**TASK DETAILS:**
Below are records to be copied exactly; their pictures are to be omitted.

----- SOURCE DATA -----

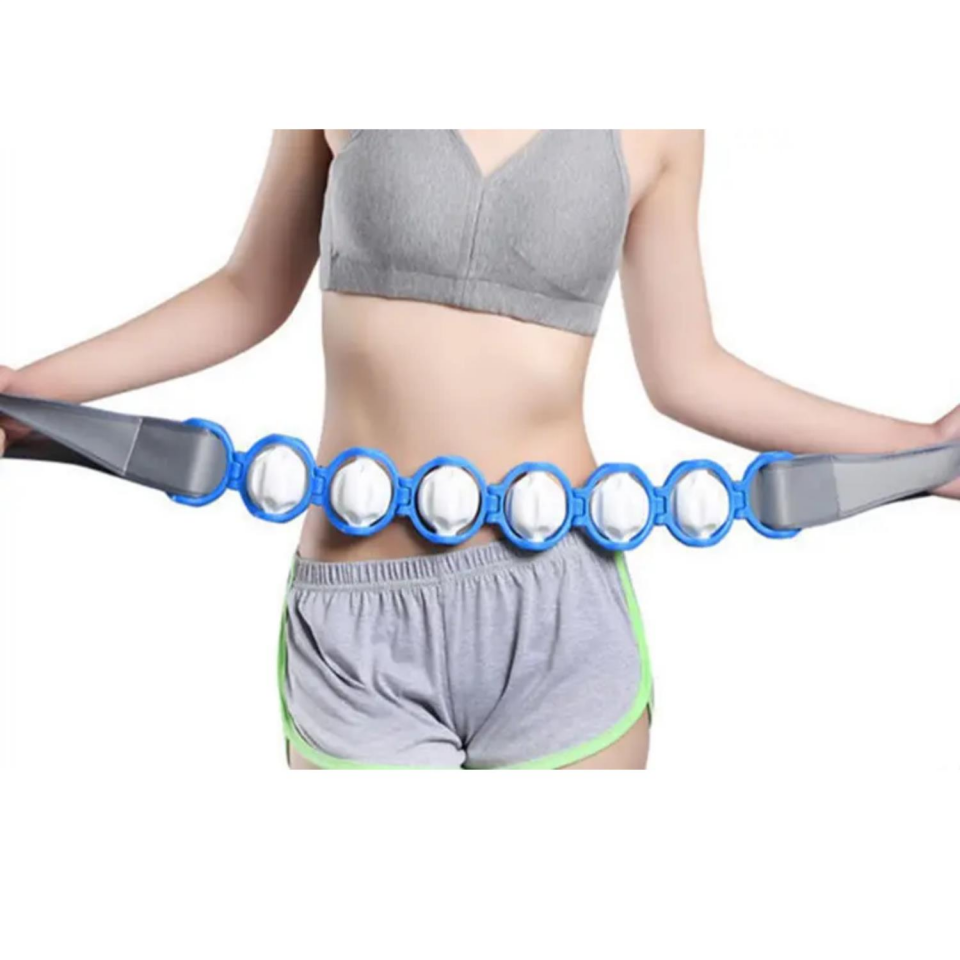 Bel & Boyun Masaj Aleti Selülit Masaj Rulosu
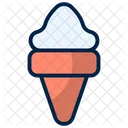 Camera Ice Cream Cone Icon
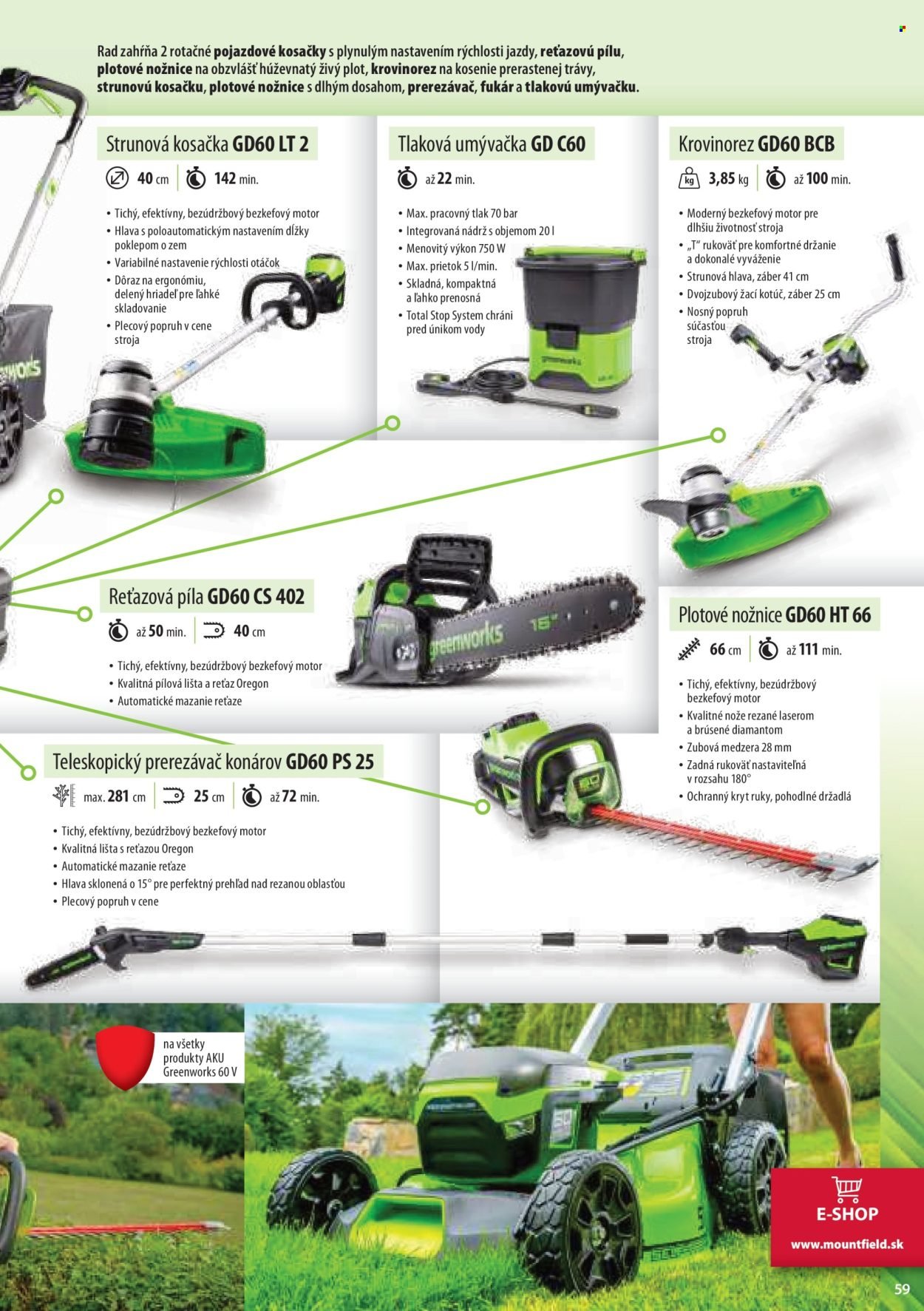 MOUNTFIELD leták - Produktový katalóg 2026 (2026-03-24) | 59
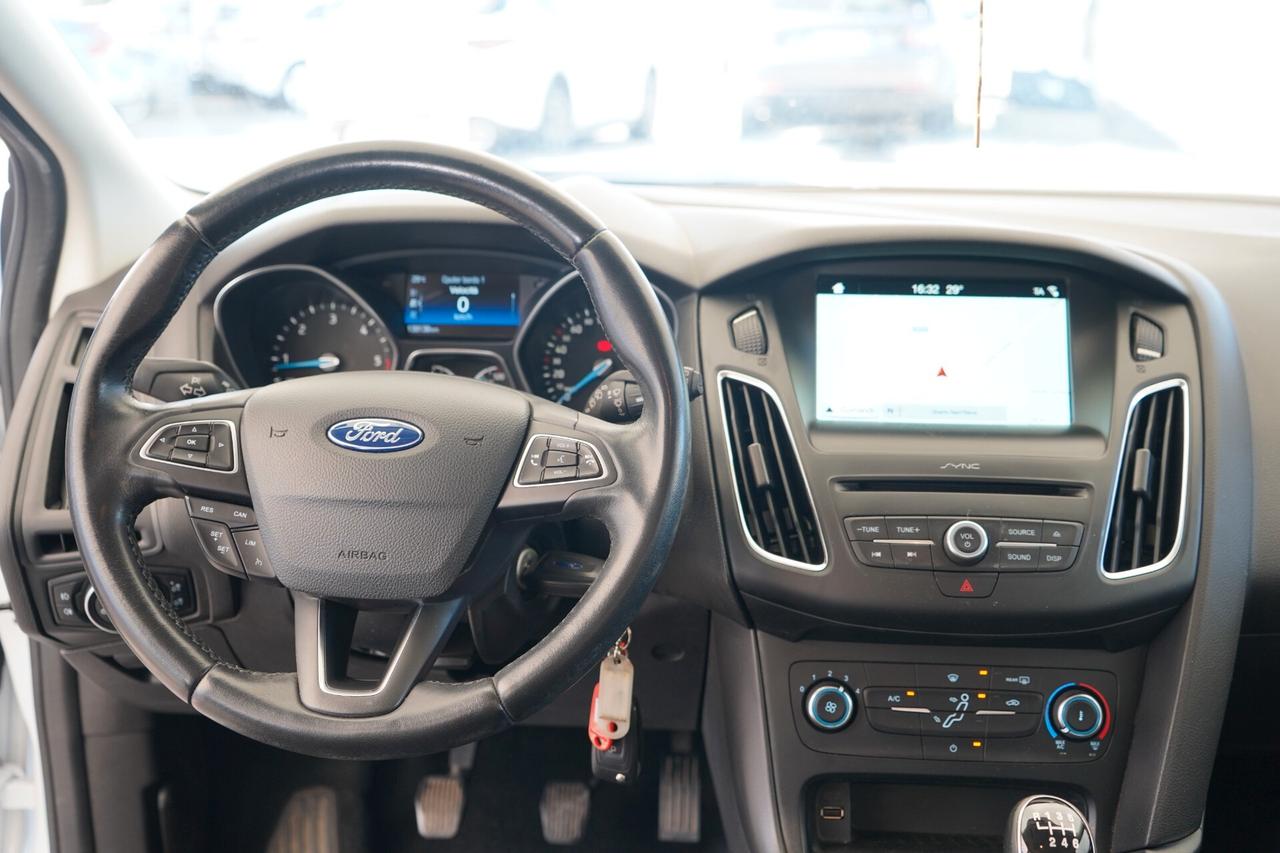 Ford Focus 1.5 TDCi 120 CV SW Business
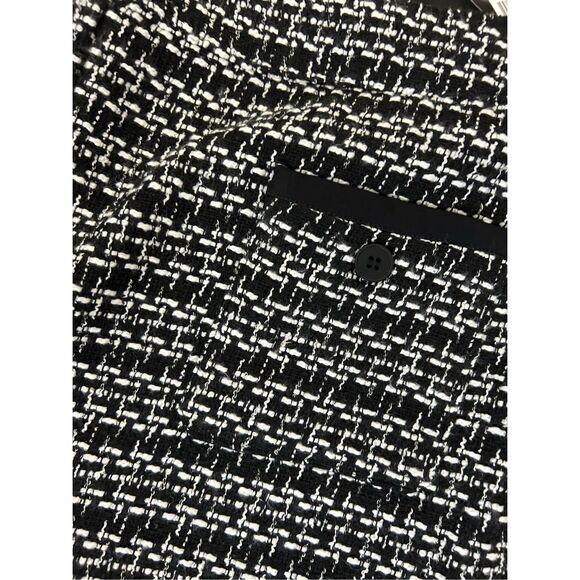New York & Company (NY&C) NWT High-Rise Tweed Wide-Leg Pant, Sz XL, MP $110 - Picture 2 of 11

-----

**SOLVED EXERCISE:**
 Bel & Boyun Masaj Aleti Selülit Masaj Rulosu
 Camera Ice Cream Cone Icon
 MOUNTFIELD leták - Produktový katalóg 2026 (2026-03-24) | 59
 Ford Focus 1.5 TDCi 120 CV SW Business
New York & Company (NY&C) NWT High-Rise Tweed Wide-Leg Pant, Sz XL, MP $110 - Picture 2 of 11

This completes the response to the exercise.